■ PROBLEM TO SOLVE:
When you write out the listing, keep every character and omit the pictures.

■ DATA:
+++++
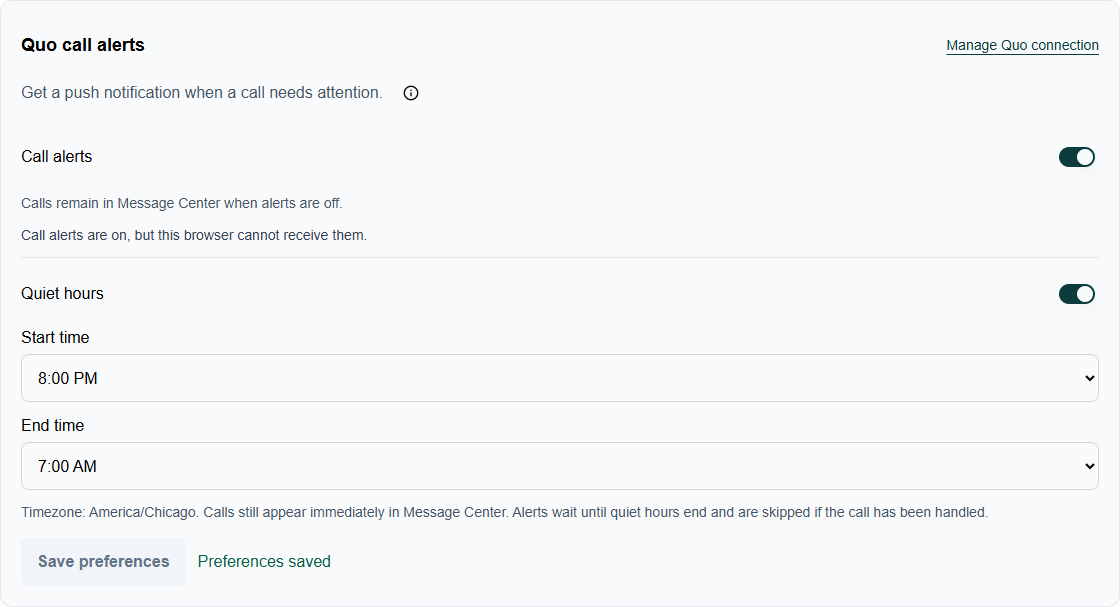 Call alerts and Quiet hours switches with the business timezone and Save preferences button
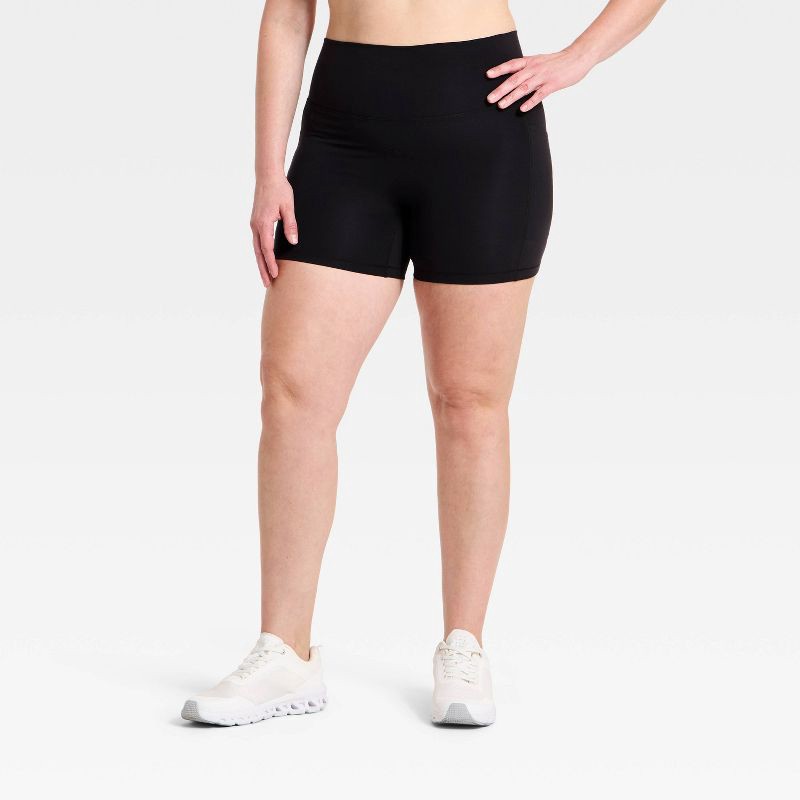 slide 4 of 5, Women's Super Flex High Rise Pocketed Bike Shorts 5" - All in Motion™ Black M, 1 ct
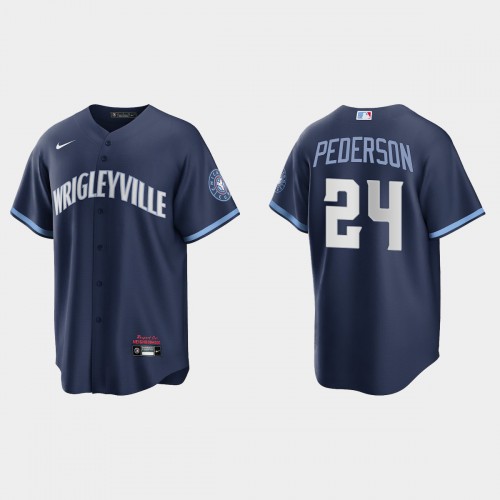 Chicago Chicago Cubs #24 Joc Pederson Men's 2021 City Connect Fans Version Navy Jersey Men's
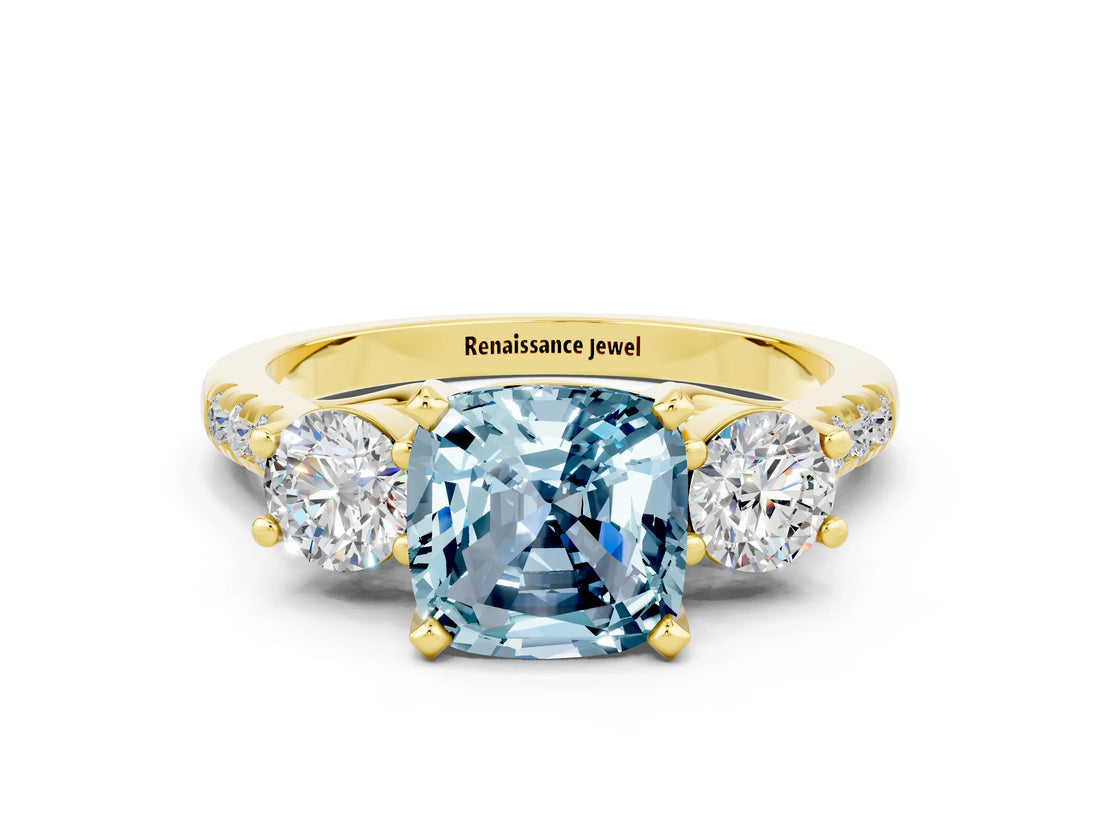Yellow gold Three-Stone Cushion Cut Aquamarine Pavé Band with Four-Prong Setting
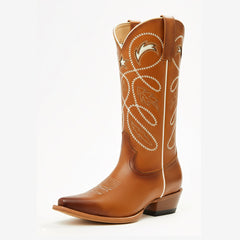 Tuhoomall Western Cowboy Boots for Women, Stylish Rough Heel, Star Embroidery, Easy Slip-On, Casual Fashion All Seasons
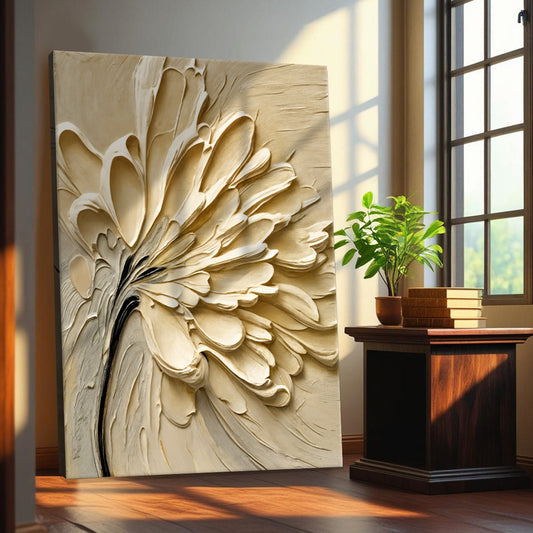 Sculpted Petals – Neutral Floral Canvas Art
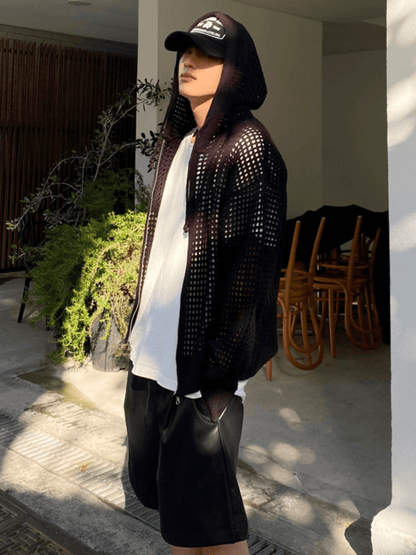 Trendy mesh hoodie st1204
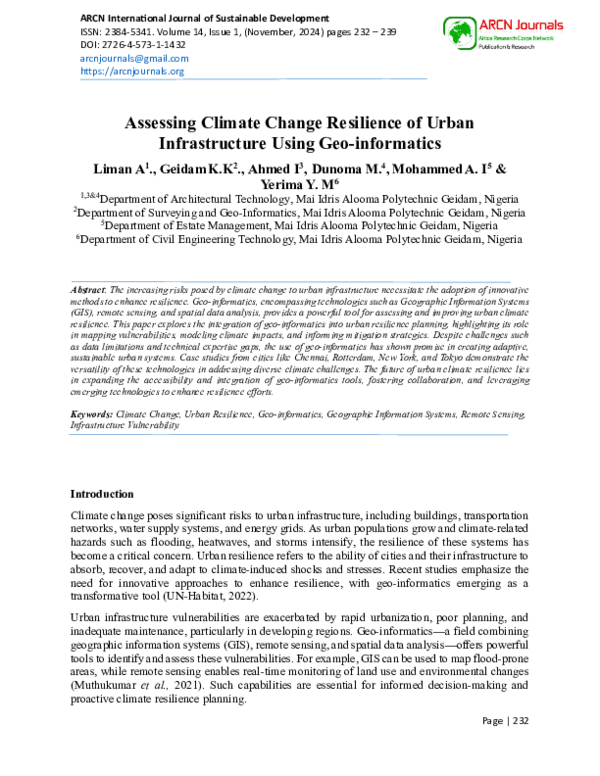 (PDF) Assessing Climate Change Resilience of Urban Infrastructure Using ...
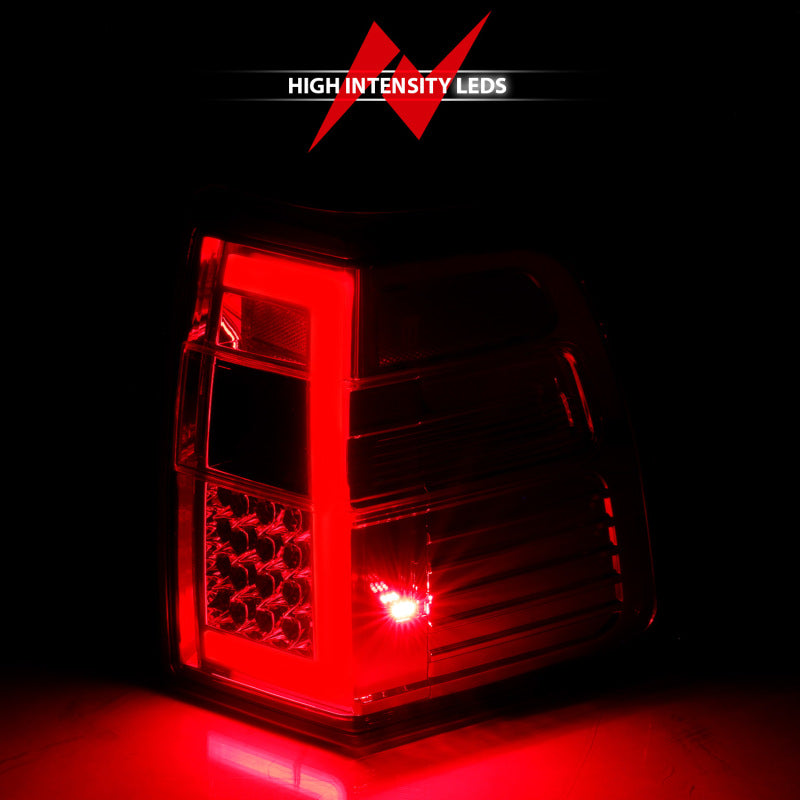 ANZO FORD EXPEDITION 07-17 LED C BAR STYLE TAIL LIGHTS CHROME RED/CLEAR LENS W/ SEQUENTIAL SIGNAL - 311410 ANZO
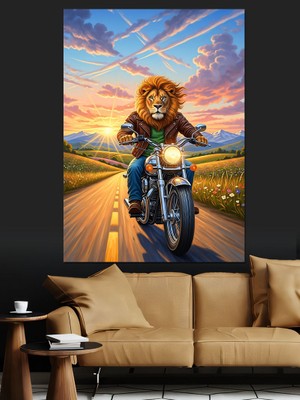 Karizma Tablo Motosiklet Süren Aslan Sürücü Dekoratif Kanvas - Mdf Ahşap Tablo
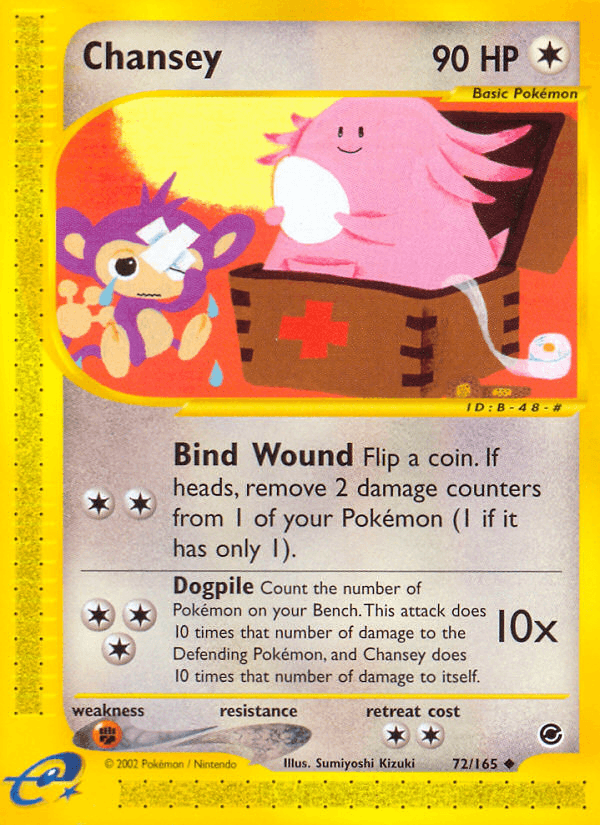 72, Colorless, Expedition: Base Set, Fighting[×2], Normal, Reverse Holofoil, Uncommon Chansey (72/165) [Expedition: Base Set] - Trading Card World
+++++
■ RESULT OF THE EXERCISE:
 Call alerts and Quiet hours switches with the business timezone and Save preferences button
 slide 4 of 5, Women's Super Flex High Rise Pocketed Bike Shorts 5" - All in Motion™ Black M, 1 ct
 Chicago Chicago Cubs #24 Joc Pederson Men's 2021 City Connect Fans Version Navy Jersey Men's
Yellow gold Three-Stone Cushion Cut Aquamarine Pavé Band with Four-Prong Setting
 Tuhoomall Western Cowboy Boots for Women, Stylish Rough Heel, Star Embroidery, Easy Slip-On, Casual Fashion All Seasons
 Sculpted Petals – Neutral Floral Canvas Art
 Trendy mesh hoodie st1204
 (PDF) Assessing Climate Change Resilience of Urban Infrastructure Using ...
 ANZO FORD EXPEDITION 07-17 LED C BAR STYLE TAIL LIGHTS CHROME RED/CLEAR LENS W/ SEQUENTIAL SIGNAL - 311410 ANZO
 Karizma Tablo Motosiklet Süren Aslan Sürücü Dekoratif Kanvas - Mdf Ahşap Tablo
 72, Colorless, Expedition: Base Set, Fighting[×2], Normal, Reverse Holofoil, Uncommon Chansey (72/165) [Expedition: Base Set] - Trading Card World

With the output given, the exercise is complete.